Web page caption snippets
Segment Open
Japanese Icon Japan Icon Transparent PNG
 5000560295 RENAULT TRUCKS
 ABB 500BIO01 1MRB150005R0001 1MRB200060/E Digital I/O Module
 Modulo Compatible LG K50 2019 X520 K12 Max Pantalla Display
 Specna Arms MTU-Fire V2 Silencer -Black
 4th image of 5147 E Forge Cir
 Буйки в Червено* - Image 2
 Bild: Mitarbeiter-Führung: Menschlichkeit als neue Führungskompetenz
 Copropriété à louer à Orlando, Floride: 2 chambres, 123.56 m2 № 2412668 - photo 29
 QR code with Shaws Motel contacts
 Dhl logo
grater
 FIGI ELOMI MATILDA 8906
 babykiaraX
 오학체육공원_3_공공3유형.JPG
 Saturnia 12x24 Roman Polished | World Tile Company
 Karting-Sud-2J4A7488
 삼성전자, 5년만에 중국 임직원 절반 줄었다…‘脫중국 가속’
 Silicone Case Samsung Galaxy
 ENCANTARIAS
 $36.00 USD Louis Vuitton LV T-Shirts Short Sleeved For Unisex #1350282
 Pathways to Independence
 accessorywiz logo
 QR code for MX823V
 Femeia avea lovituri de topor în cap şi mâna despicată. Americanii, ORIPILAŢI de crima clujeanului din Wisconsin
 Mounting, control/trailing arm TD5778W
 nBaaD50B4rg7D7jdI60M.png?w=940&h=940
Segment Closed
Take the line holding "삼성전자, 5년만에 중국 임직원 절반 줄었다…‘脫중국 가속’" and the lines after it through the end of the entries. Retype them exactly and add nothing.

 삼성전자, 5년만에 중국 임직원 절반 줄었다…‘脫중국 가속’
 Silicone Case Samsung Galaxy
 ENCANTARIAS
 $36.00 USD Louis Vuitton LV T-Shirts Short Sleeved For Unisex #1350282
 Pathways to Independence
 accessorywiz logo
 QR code for MX823V
 Femeia avea lovituri de topor în cap şi mâna despicată. Americanii, ORIPILAŢI de crima clujeanului din Wisconsin
 Mounting, control/trailing arm TD5778W
 nBaaD50B4rg7D7jdI60M.png?w=940&h=940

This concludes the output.